All intrinsic types have a kind type parameter called KIND,
which determines the representation method for the specified type.
The intrinsic type character also has a length type parameter called LEN,
which determines the length of the character string.

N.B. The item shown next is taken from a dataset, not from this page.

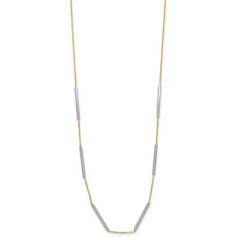 14K Two-tone Polished 6 Bar Stations w/1.5in ext. Necklace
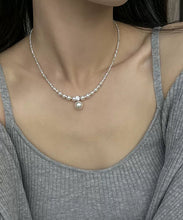 Load image into Gallery viewer, Unique White Pearl Zircon Broken Silver Pendant Necklace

The implementation of `CHARACTER` type in f18 is described
in [Character.md](Character.md).
## Supported TYPES and KINDS
Here are the type and kind combinations supported in f18:
INTEGER(KIND=1) 8-bit two's-complement integer
INTEGER(KIND=2) 16-bit two's-complement integer
INTEGER(KIND=4) 32-bit two's-complement integer
INTEGER(KIND=8) 64-bit two's-complement integer
INTEGER(KIND=16) 128-bit two's-complement integer
REAL(KIND=2) 16-bit IEEE 754 binary16 (5e11m)

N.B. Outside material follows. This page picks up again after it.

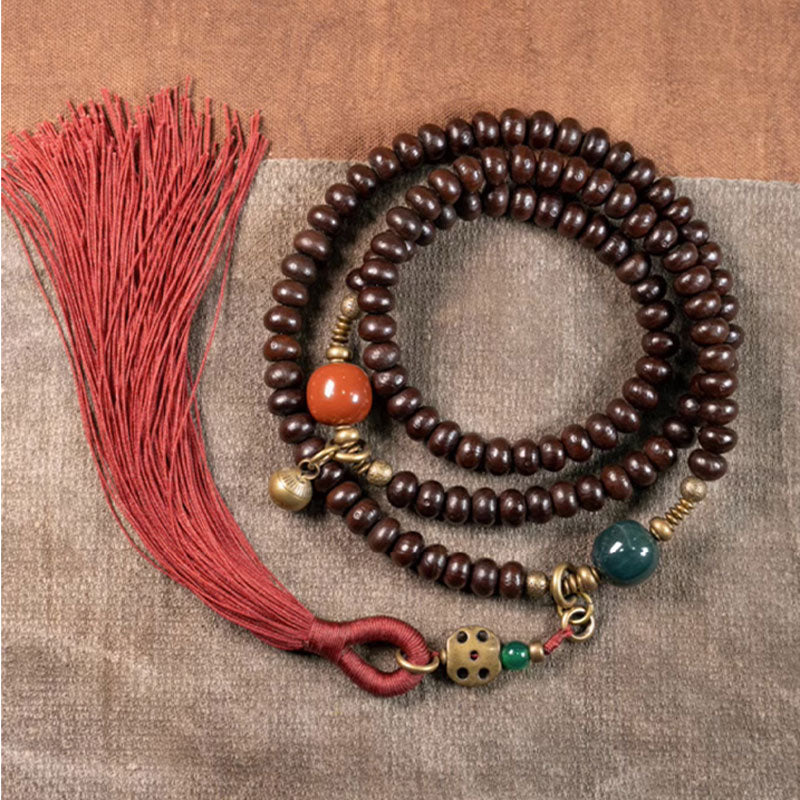 8mm Purple Bodhi Seed Mala Bracelet for Auspiciousness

REAL(KIND=3) 16-bit upper half of 32-bit IEEE 754 binary32 (8e8m)
REAL(KIND=4) 32-bit IEEE 754 binary32 (8e24m)
REAL(KIND=8) 64-bit IEEE 754 binary64 (11e53m)
REAL(KIND=10) 80-bit extended precision with explicit normalization bit (15e64m)
REAL(KIND=16) 128-bit IEEE 754 binary128 (15e113m)
COMPLEX(KIND=2) Two 16-bit IEEE 754 binary16
COMPLEX(KIND=3) Two 16-bit upper half of 32-bit IEEE 754 binary32
COMPLEX(KIND=4) Two 32-bit IEEE 754 binary32
COMPLEX(KIND=8) Two 64-bit IEEE 754 binary64
COMPLEX(KIND=10) Two 80-bit extended precisions values
COMPLEX(KIND=16) Two 128-bit IEEE 754 binary128
No
[double-double
](https://en.wikipedia.org/wiki/Quadruple-precision_floating-point_format)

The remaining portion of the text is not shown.